Instructions for the task: Write out again the lines from the line with "Used 2022 RAM" up to and including the line with "2002 Toyota Solara 2.4L Engine - Image 7", exactly as they stand below, and skip any picture.

Information supplied:
__________

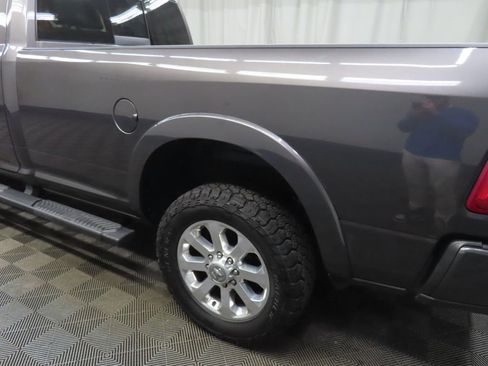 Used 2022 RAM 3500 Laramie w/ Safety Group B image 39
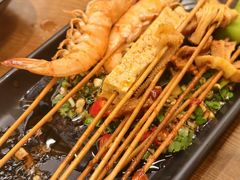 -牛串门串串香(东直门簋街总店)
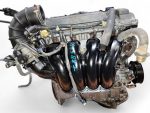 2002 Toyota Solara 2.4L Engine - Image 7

__________

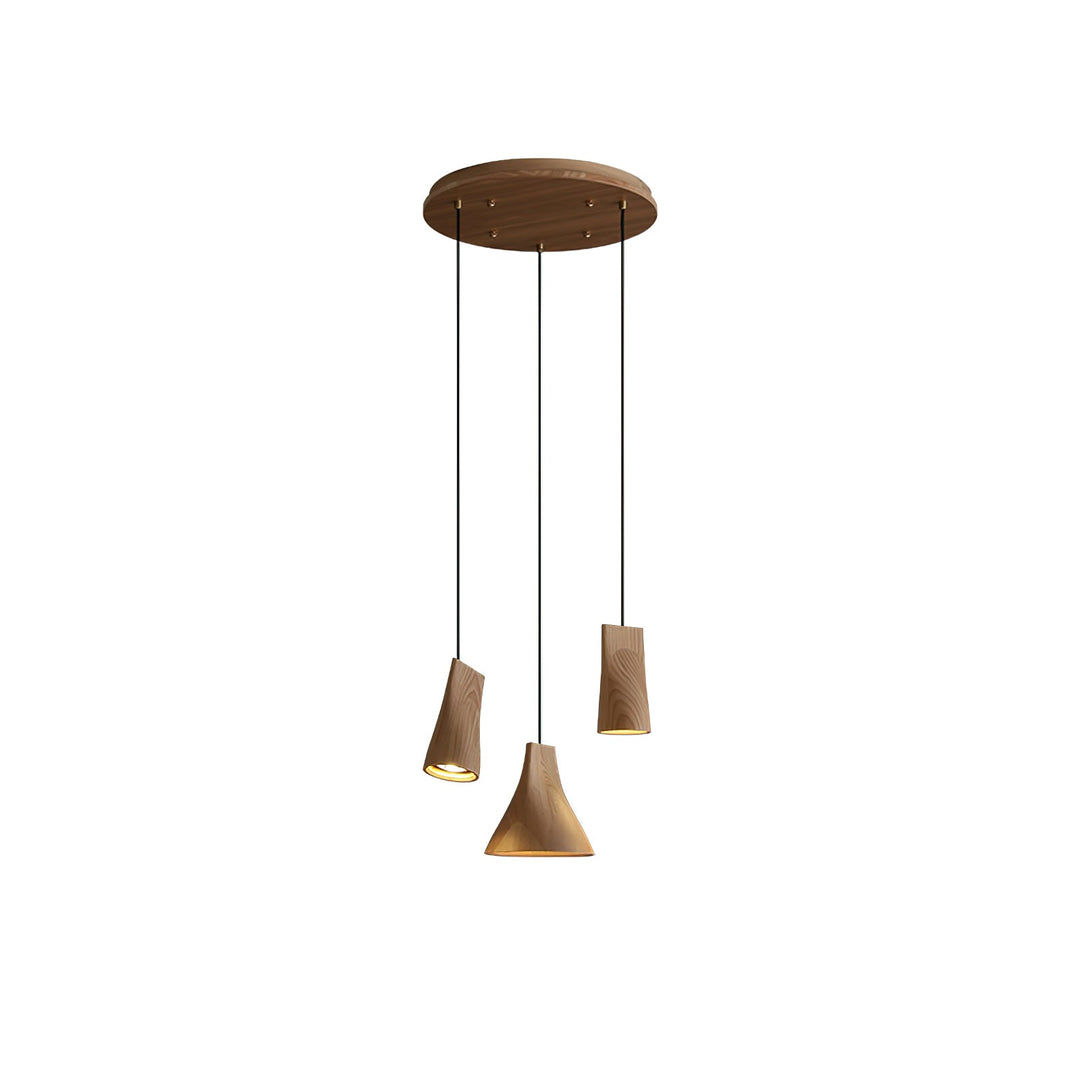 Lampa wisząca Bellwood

__________

Solution for this task:
 Used 2022 RAM 3500 Laramie w/ Safety Group B image 39
 -牛串门串串香(东直门簋街总店)
 2002 Toyota Solara 2.4L Engine - Image 7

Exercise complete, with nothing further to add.